In den letzten Wochen waren die Zahlen der Neuinfektionen im Land auf immer neue Höchststände gestiegen, die Zahl der Krankenhauseinweisung hatte sich jedoch entspannt. Da das Hauptkriterium der Landes-Corona-Ampel die Zahl der Hospitalisierungen pro 100.000 Einwohner in einer Woche ist, hatte dies zu Lockerungen trotz steigender Infektionszahlen geführt.

Die Ministerpräsidentin verteidigte am Montag auch den Umgang mit Schulen und Kitas in der Pandemie. Obwohl die gemeldeten Neuinfektionen unter Minderjährigen pro 100.000 Personen in der letzten Woche auf rund 2000 gestiegen waren, sieht Schwesig noch keine Durchseuchung der Kinder und Jugendlichen. Es sei der Landesregierung wichtig, die Schulen offen zu halten, unter anderem mit Schutzmaßnahmen und einer Teststrategie. Zudem rief Schwesig die Eltern auf, auch ihre Kinder impfen zu lassen.

Doch nicht alle Regelungen sollen in der üblichen Weise fortgeschrieben werden. Für die durch das häufige Öffnen und Schließen belastete Kulturbranche im Land kündigte Schwesig dauerhafte Erleichterungen an. Die rot-rote Koalition habe entschieden, «dass wir morgen im Kabinett auch der Kultur wieder mehr ermöglichen wollen», sagte die Ministerpräsidentin. Die Betriebe sollen demnach unabhängig von den Warnstufen der Landes-Corona-Ampel geöffnet bleiben dürfen, jedoch mit Schutzmaßnahmen wie der 2G-plus-Regel, nach der auch Geimpfte und Genesene nur mit einem tagesaktuellen negativen Corona-Test Zugang bekommen.

Laut Schwesig soll über die Lockerungen am Dienstag im Kabinett beraten werden. Die Kultusministerin Bettina Martin (SPD) werde dazu einen Vorschlag vorstellen. «Wir wollen jetzt für mehr Verlässlichkeit sorgen», so die Ministerpräsidentin. Sie zeigte Verständnis für die schwierige Lage der Kulturbranche.

Ebenfalls Teil der Beratungen im Kabinett soll die Priorisierung von PCR-Tests sein. Im vergangenen Jahr habe die Höchstkapazität der Labore im Nordosten bei 7000 Abstrichen pro Tag gelegen, dies konnte laut der Ministerpräsidentin bisher auf 11.000 erhöht werden. Und sie hoffe, sagte sie, dass dies noch bis 13.000 steigen könne. «Aber auch das ist endlich», so Schwesig. Aus diesem Grund sei entschieden worden, die Quarantäne-Regel für Beschäftigte im Gesundheitsbereich den allgemeinen Regeln anzupassen.

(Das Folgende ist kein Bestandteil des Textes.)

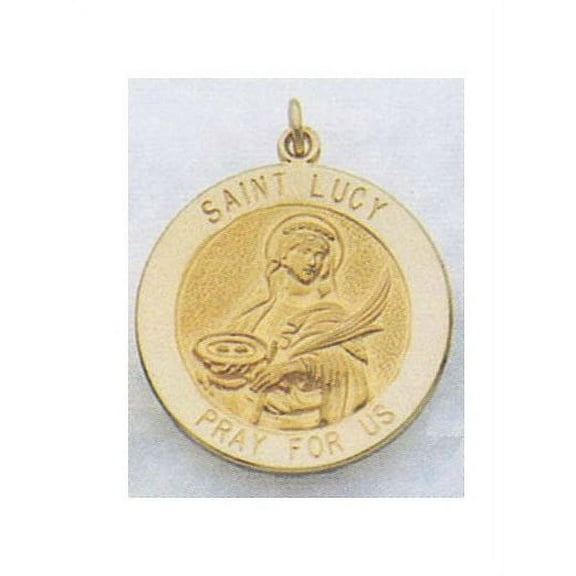 PicturesOnGold.com Saint Lucy Religious Medal - Solid 14k Yellow Gold, Under 2/3" (15.0mm)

Bisher müssen Personen, die beispielsweise als Pflegekraft arbeiten und sich in Quarantäne befinden, zur Verkürzung der Isolationsdauer zwingend einen negativen PCR-Test vorweisen, ein Antigentest reicht für sie nicht aus.

Für den Corona-Impfstoff des Herstellers Novavax, der proteinbasiert ist und demnächst zur Verfügung stehen soll, kündigte Schwesig an, ihn vorrangig Beschäftigten im Gesundheitssektor anbieten zu wollen.